:: What you need to do ::
Look below for the line that contains "Pillow w/Big Red Flower & Fringe", then quote it and all the lines after it, exactly, with the pictures left out.

:: Data extract ::
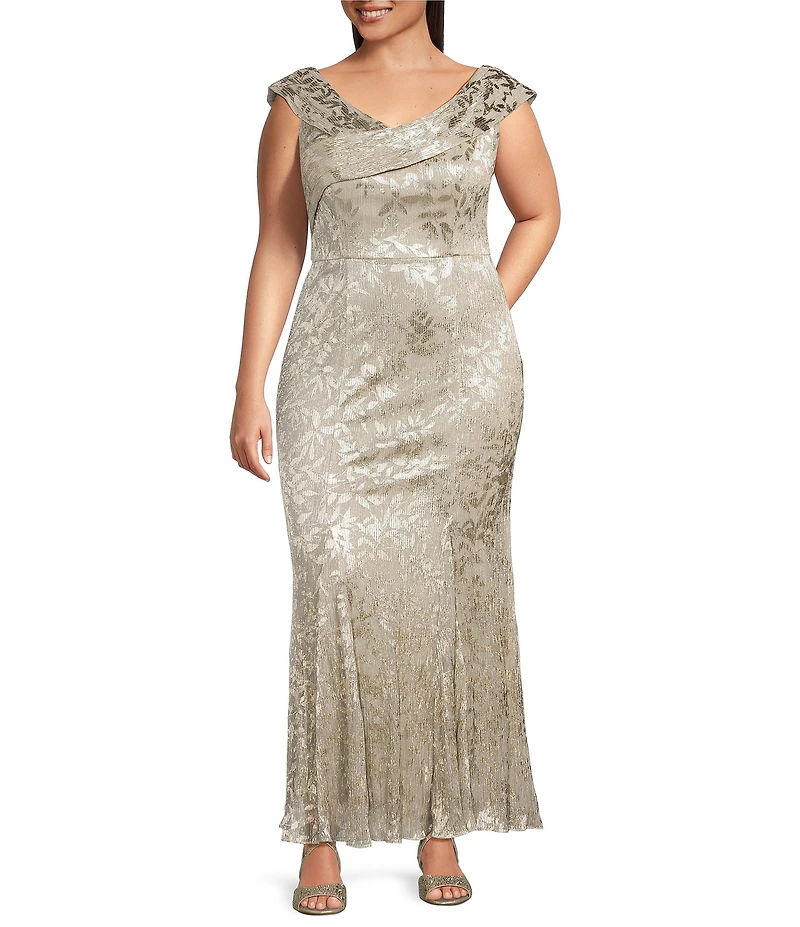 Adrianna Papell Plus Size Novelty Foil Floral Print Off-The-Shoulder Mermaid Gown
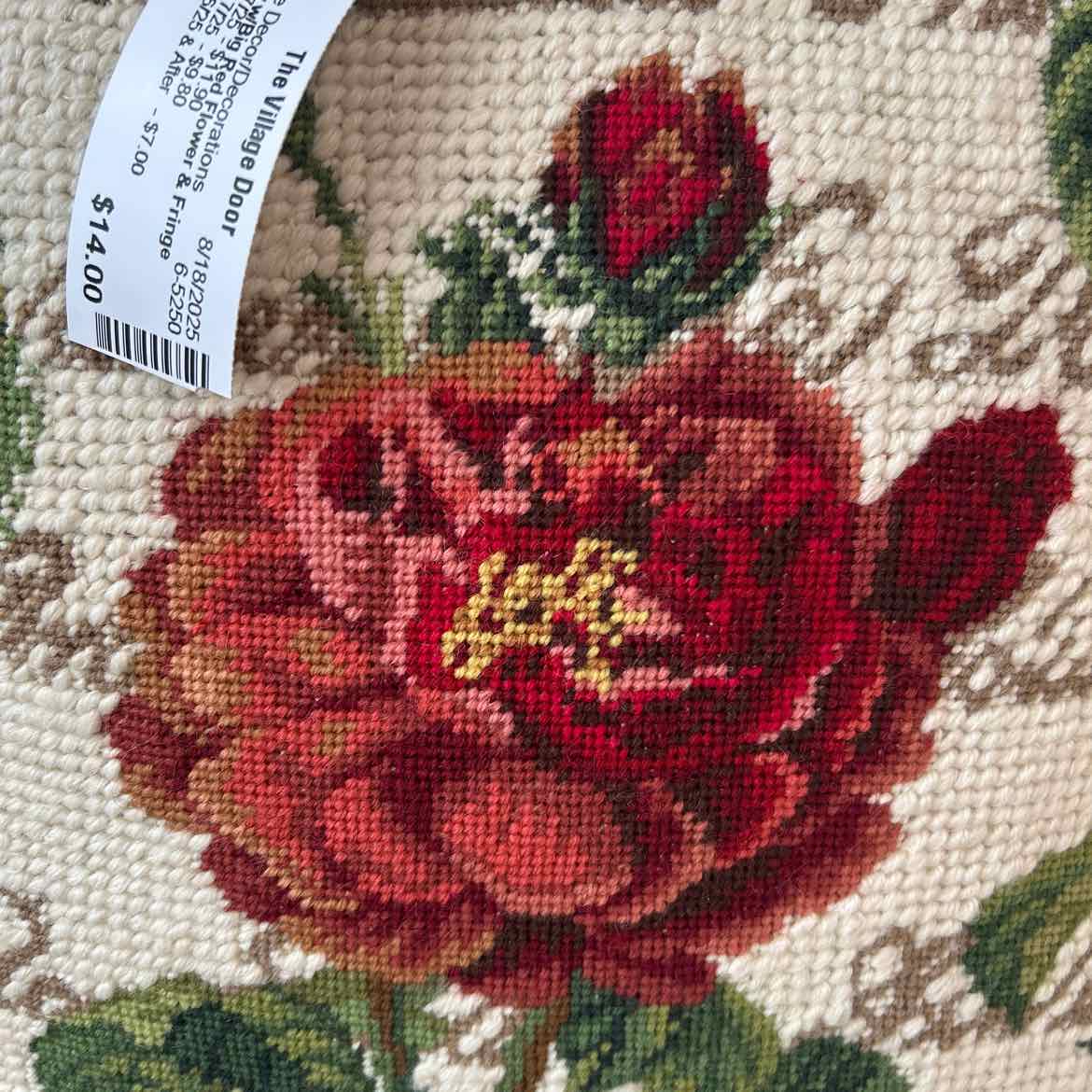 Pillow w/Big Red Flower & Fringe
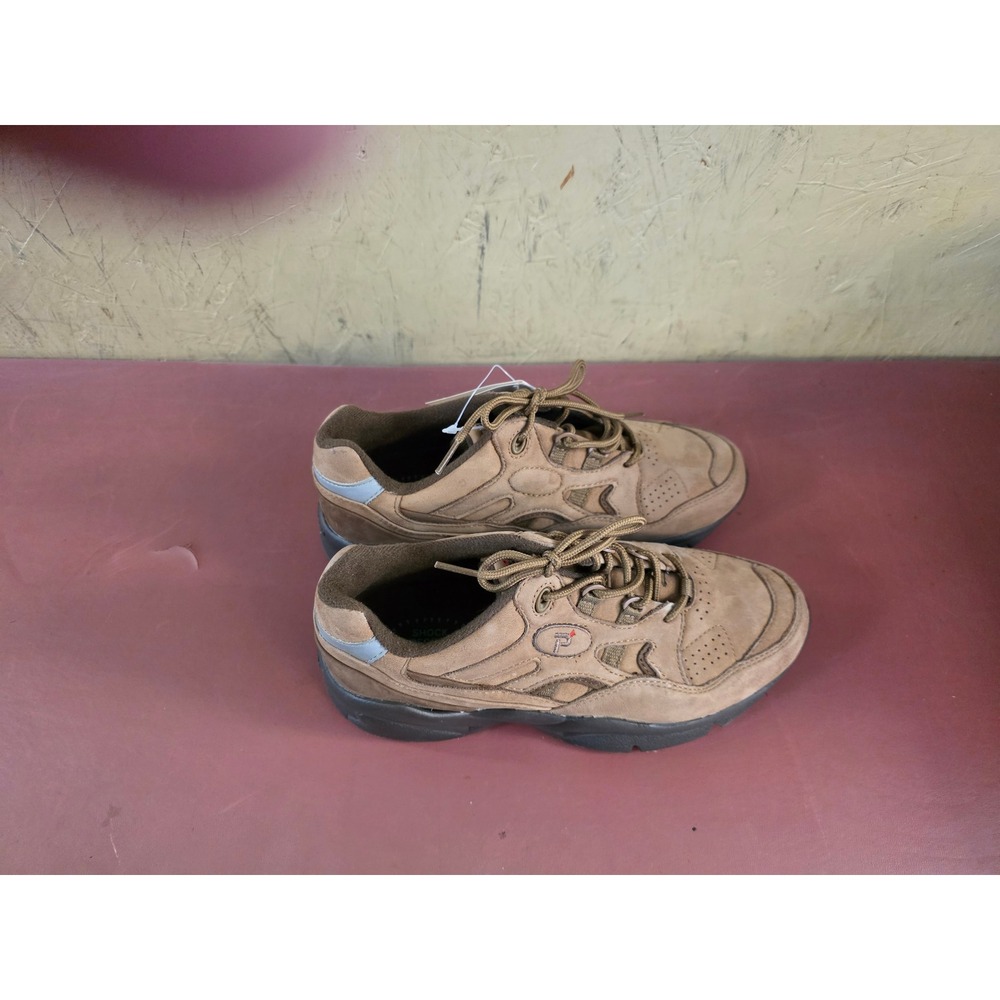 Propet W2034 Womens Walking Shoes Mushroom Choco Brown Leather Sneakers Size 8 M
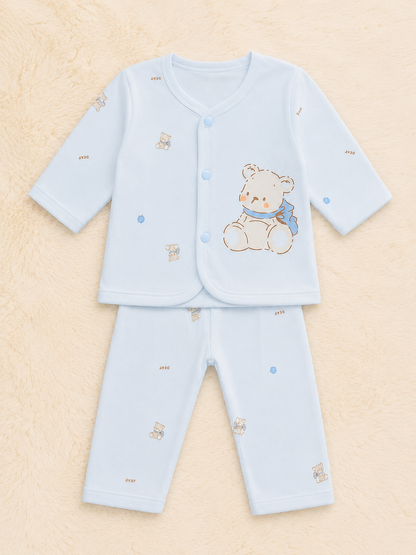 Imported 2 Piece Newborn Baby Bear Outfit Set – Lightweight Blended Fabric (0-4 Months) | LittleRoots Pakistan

:: Response for this exercise ::
 Pillow w/Big Red Flower & Fringe
 Propet W2034 Womens Walking Shoes Mushroom Choco Brown Leather Sneakers Size 8 M
 Imported 2 Piece Newborn Baby Bear Outfit Set – Lightweight Blended Fabric (0-4 Months) | LittleRoots Pakistan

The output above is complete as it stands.